A few years back we were entertaining at a wedding at Grouse Mountain. The venue was perfect for the couple. They did, however underestimate their guests’ desire to dance. With every hit that was played, a chair , then two, then eventually as many tables that could be removed from the room, were, in order to accommodate ALL the guests so that they could join in. The dance floor simply expanded before their eyes.
Small dance floors are too cramped and big ones make people too self-conscious. A good rule of thumb: There should be at least three square feet of dance floor space for every two guests. So, if you have 150 guests, you would need a 15′ x 15′ dance floor; 200 guests would be about an 18′ x 18′ area; 400 guests calls for about 25′ x 25′ of space. Ask your reception site about adding on extra flooring if the standard seems too small (you party animal, you).
Tips for those that want their guests to have a ‘great’ time:
Align Your Seating Chart
Seat friends and family who love to dance closest to the dance floor.
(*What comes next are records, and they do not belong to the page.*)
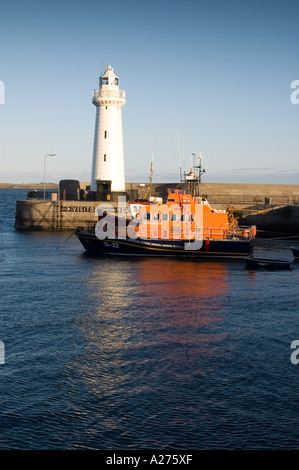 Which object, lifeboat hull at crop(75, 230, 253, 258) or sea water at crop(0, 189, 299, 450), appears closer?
sea water at crop(0, 189, 299, 450)

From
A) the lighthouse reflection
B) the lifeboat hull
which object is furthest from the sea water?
the lifeboat hull

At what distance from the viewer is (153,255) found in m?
34.2

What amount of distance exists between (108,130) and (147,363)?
37.6 meters

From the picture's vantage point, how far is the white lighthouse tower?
49.2 metres

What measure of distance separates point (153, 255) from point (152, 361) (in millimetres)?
19687

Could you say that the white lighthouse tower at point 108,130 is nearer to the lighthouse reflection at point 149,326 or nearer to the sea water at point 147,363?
the lighthouse reflection at point 149,326

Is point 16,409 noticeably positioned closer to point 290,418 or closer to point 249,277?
point 290,418

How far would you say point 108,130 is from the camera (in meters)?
49.2

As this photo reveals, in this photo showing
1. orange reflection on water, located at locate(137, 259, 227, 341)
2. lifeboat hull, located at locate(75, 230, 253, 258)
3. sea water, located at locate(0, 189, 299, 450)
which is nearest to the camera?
sea water, located at locate(0, 189, 299, 450)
They’ll be more likely to get up and start grooving early if there’s easy access. And once they’re out there, others will be sure to follow. As for your more elderly guests, do them a favour and keep them away from the speakers. They’ll appreciate it!
Skip The iPod Idea
You may have the most genius play list in mind, but there’s a reason why DJs and bands are so common at weddings—they are there to read, interact and adjust to your crowd’s mood throughout the evening and to make sure everyone is dancing and having a good time (so you don’t have to). Besides, do you really want a friend or family member getting up to grab the microphone all night to announce your cake cutting and bouquet toss? Didn’t think so.
Don’t Limit The Genre
Even if you both truly love indie rock, there’s a good percentage of your guests who probably haven’t heard of Modest Mouse and won’t appreciate it like you will. A play list made up entirely of ’80s dance music, rap or country is the same story. Don’t get us wrong: Including your favourite genre at your wedding is fine (in fact, you should!) but do so in moderation.
Make Music Interactive
Let guests in on the fun by allowing them to request songs via the RSVP card. Or set up a poll on your wedding website and ask everyone to vote on your first dance song or the last song of the evening. You’ll have everyone looking forward to the voters’ choice song reveal.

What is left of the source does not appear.